- Born: Jonathan Arthur Scott November 7, 1958 (age 67) Denver, Colorado, U.S.
- Education: University of Missouri at Columbia
- Occupation: Television news anchor
- Employer: Fox Entertainment Group
- Spouse(s): Sharon Scott (div. 2011) Michelle Deller Scott (2025)
- Children: 4

= Jon Scott =

American television news anchor

Jonathan Arthur Scott (born November 7, 1958) is an American television news anchor who hosts Fox Report Weekend on Fox News. Also, Scott is the lead anchor for any breaking news each weekend. Jon Scott longtime co-anchored Happening Now on Fox News until the network expanded America's Newsroom from 2 hours to 3, ending the show in June 2018 after 11 years of being on air. Scott was also the host of Fox News Watch, a program that in September 2013 was replaced by the similar format Media Buzz, which was hosted by Howard Kurtz.

==Early life and education==
Scott was born in Denver, Colorado, and graduated from Denver Lutheran High School. He studied journalism at the University of Missouri–Columbia.

==Career==
Scott began his career as a correspondent for KOMU-TV (NBC) in Columbia, Missouri, a station owned and operated by the University of Missouri. Later, he was the weekday evening news anchor, weekend co-anchor, and reporter for WPLG-TV (ABC) in Miami. He also worked as a reporter and bureau chief for KUSA-TV (NBC) in Denver. Beginning in 1988, Scott was a reporter for the syndicated news program Inside Edition.

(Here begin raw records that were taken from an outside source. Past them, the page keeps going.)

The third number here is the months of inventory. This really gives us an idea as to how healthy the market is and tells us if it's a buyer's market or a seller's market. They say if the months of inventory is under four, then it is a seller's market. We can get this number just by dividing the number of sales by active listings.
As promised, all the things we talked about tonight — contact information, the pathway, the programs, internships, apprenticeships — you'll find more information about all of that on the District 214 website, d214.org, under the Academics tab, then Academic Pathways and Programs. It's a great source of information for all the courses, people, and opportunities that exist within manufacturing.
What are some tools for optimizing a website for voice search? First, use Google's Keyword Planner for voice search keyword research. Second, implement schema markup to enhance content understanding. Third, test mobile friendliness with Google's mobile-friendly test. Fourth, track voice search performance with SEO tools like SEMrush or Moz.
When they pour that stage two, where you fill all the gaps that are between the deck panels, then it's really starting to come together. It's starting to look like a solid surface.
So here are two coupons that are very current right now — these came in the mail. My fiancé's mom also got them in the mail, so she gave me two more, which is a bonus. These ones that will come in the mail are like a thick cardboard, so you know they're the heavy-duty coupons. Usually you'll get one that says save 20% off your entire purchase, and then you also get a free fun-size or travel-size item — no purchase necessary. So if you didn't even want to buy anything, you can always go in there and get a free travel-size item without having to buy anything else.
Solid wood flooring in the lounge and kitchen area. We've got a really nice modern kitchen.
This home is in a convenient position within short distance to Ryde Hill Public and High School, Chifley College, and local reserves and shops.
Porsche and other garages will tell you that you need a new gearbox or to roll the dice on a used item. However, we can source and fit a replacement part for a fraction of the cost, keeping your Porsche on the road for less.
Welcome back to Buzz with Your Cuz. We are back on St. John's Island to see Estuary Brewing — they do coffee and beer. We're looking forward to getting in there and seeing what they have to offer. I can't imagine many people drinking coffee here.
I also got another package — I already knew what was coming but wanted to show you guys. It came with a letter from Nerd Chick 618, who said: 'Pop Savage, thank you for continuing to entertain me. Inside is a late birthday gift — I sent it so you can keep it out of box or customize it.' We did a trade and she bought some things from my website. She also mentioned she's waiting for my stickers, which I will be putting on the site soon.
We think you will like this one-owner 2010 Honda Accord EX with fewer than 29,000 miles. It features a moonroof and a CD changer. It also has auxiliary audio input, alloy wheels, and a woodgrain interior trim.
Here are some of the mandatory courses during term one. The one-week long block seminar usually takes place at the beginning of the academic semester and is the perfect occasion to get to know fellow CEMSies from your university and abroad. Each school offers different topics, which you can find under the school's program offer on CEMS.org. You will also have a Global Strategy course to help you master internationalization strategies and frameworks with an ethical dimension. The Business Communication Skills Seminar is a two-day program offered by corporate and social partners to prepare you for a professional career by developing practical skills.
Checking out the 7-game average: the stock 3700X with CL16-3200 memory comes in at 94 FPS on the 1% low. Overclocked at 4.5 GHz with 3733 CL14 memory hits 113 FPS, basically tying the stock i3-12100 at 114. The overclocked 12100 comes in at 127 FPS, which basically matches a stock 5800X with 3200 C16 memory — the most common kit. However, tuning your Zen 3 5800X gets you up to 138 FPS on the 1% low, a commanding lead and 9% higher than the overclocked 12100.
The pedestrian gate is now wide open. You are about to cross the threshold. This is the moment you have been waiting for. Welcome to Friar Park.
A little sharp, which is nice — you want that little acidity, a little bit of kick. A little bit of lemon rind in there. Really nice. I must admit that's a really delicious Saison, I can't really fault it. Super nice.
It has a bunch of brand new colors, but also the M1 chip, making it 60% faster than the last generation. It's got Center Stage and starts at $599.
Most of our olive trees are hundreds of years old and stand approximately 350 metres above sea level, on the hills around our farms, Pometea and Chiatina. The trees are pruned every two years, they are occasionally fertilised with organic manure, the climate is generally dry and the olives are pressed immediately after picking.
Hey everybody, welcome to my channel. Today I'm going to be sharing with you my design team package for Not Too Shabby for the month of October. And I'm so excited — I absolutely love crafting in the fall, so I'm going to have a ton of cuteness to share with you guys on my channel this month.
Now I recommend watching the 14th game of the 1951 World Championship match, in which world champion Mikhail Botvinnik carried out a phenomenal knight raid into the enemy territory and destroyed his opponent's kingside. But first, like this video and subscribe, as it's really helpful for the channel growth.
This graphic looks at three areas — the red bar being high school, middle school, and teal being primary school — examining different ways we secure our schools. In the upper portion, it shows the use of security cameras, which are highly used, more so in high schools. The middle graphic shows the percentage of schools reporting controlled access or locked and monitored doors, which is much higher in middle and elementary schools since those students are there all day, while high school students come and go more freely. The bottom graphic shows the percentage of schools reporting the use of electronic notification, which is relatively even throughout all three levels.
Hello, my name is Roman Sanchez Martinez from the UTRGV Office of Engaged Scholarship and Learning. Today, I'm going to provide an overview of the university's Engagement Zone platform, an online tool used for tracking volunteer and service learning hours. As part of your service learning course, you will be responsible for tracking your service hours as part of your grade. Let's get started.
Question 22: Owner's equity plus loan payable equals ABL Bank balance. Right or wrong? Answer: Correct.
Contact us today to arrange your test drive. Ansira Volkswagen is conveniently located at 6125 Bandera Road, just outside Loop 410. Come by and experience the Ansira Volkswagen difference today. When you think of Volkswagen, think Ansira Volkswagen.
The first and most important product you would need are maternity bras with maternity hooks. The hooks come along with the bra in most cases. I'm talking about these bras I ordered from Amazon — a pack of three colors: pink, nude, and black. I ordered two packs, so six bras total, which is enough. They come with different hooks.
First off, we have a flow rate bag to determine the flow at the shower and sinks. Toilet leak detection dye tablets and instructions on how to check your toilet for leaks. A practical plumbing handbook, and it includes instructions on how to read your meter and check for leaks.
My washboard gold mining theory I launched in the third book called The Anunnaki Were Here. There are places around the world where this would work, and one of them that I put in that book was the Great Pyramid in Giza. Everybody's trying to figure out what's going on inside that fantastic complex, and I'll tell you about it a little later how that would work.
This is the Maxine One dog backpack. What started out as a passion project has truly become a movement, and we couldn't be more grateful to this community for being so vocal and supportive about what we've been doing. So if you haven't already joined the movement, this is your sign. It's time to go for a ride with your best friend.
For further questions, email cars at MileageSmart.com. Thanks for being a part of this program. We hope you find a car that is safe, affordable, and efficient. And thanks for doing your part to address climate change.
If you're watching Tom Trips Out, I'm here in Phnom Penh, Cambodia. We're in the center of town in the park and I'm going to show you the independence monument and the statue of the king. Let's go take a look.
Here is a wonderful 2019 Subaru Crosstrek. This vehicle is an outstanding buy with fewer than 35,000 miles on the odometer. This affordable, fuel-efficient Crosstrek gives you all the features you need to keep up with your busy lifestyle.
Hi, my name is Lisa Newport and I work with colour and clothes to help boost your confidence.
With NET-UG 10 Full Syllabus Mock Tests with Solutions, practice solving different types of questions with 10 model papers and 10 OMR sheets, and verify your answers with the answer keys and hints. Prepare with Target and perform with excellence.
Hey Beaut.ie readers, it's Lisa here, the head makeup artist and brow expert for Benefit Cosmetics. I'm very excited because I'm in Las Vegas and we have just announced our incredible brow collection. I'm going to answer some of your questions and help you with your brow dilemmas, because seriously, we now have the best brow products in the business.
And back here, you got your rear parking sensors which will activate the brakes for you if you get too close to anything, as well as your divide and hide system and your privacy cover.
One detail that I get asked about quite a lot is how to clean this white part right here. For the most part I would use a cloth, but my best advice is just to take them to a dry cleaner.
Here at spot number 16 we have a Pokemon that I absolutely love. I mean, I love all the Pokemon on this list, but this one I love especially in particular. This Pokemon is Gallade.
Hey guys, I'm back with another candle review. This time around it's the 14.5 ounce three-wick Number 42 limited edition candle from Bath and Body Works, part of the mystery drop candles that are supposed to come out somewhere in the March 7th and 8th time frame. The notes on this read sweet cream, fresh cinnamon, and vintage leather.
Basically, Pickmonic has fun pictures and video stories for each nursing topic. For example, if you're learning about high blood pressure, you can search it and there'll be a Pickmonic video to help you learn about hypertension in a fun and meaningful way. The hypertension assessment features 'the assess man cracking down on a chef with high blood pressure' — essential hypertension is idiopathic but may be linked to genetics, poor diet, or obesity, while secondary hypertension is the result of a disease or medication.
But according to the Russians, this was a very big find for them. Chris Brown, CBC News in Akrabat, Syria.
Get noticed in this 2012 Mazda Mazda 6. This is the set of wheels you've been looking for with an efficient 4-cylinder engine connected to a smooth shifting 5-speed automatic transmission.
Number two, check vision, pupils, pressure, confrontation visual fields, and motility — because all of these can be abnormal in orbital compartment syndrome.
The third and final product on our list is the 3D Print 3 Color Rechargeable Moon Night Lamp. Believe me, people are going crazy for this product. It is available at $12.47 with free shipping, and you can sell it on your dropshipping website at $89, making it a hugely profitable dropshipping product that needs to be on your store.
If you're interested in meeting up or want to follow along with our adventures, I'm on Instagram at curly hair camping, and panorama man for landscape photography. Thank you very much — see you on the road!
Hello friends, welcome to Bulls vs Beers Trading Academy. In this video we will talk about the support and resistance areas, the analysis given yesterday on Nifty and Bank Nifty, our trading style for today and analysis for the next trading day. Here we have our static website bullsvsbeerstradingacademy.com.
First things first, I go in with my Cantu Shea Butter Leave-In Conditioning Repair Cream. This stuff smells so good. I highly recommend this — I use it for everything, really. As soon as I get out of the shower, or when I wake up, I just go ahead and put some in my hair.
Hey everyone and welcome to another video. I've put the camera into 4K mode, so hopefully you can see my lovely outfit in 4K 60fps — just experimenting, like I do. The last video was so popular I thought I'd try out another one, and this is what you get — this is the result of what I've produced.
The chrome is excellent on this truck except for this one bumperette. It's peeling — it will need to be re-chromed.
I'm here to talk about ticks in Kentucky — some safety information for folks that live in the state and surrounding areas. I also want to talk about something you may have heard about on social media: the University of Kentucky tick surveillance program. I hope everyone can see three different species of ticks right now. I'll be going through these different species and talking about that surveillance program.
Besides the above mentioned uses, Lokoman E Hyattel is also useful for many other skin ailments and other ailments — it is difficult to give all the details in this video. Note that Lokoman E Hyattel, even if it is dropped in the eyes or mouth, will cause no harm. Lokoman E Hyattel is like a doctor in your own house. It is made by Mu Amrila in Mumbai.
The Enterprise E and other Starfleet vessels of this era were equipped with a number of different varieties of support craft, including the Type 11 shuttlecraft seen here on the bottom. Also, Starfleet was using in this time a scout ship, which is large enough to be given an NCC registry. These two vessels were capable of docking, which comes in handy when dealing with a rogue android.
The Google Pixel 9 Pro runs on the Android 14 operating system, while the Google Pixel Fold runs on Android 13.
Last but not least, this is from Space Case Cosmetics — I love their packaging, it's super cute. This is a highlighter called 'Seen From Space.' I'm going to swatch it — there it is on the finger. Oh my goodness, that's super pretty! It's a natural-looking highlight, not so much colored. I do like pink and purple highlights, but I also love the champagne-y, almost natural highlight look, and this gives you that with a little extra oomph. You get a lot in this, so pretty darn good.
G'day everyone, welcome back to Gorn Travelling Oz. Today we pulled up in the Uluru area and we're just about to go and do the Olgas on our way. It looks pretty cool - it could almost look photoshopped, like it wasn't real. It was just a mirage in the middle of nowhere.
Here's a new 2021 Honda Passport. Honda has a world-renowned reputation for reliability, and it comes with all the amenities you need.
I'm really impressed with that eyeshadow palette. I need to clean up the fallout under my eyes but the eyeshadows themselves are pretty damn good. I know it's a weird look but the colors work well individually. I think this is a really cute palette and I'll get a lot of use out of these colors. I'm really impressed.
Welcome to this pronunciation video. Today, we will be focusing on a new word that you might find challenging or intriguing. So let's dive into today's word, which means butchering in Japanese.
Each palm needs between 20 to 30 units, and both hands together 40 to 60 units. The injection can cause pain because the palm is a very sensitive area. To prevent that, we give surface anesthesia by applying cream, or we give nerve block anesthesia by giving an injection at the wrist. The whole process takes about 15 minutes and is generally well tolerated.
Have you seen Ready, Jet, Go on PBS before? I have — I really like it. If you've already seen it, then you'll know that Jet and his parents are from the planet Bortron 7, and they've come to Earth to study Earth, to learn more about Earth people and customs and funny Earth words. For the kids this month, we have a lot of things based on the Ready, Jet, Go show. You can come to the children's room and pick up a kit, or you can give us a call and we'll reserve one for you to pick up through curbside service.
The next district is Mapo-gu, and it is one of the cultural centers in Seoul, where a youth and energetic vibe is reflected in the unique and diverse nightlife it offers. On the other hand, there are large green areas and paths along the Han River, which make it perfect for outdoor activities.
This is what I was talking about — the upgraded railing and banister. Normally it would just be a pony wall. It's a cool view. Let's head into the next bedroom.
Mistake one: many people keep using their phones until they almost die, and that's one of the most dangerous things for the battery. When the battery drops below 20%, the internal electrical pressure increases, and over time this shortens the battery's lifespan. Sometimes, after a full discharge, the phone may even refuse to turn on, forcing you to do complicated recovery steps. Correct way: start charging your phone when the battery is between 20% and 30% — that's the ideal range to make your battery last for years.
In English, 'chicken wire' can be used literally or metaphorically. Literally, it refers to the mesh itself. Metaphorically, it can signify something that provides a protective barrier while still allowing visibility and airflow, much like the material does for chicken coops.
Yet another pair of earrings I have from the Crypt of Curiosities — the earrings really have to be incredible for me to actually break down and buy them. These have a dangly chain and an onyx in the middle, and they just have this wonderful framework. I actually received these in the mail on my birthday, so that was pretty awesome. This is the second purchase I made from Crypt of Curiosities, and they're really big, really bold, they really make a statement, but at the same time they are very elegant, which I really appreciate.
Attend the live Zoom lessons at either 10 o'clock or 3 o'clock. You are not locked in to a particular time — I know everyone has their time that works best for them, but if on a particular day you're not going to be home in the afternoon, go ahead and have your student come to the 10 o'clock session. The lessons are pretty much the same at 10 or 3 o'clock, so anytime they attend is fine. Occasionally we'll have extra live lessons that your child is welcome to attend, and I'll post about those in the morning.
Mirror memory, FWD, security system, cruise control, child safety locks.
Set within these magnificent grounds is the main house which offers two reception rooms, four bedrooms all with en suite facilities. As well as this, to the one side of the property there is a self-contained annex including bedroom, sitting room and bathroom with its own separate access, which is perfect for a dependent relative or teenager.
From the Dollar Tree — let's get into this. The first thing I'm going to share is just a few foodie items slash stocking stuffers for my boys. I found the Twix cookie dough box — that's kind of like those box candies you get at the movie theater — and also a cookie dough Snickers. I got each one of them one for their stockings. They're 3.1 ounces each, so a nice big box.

From 1992 to 1995 Scott was a correspondent for Dateline NBC. He served as the host of A Current Affair and eventually joined the Fox News Channel in 1996. He is an avid watcher of The MacNeil/Lehrer NewsHour. Scott was hosting Fox News Live during the September 11 attacks and was the person to suggest on air that the attacks may have been perpetrated by Osama bin Laden. Scott was training to be an airplane pilot at the time, and studied the Bojinka plot, a joint cooperation of Ramzi Yousef with bin Laden that had resulted in one death and ten injured on an airline flight. Scott was able to trace the timeline of the Bojinka plot and what was happening in the United States at the time, allowing him to call out the potential it was a bin Laden plot.

On May 1 and 2, 2011, he served as the studio anchor for Fox News' coverage of Operation Neptune Spear, the mission in which bin Laden was killed by American forces.

Scott received an Emmy for news writing for the NBC program Dateline.

==Personal life==
Scott is a certificated pilot, rated to fly single- and multi-engine airplanes, and sometimes uses his expertise when covering aviation stories, such as the July 6, 2013, crash of Asiana Airlines Flight 214.

Scott has four children. One son is in the army after graduating from the United States Military Academy in 2011. His older brother was an infantryman in the Vietnam War.

On September 1, 2025, Scott married Michelle Deller.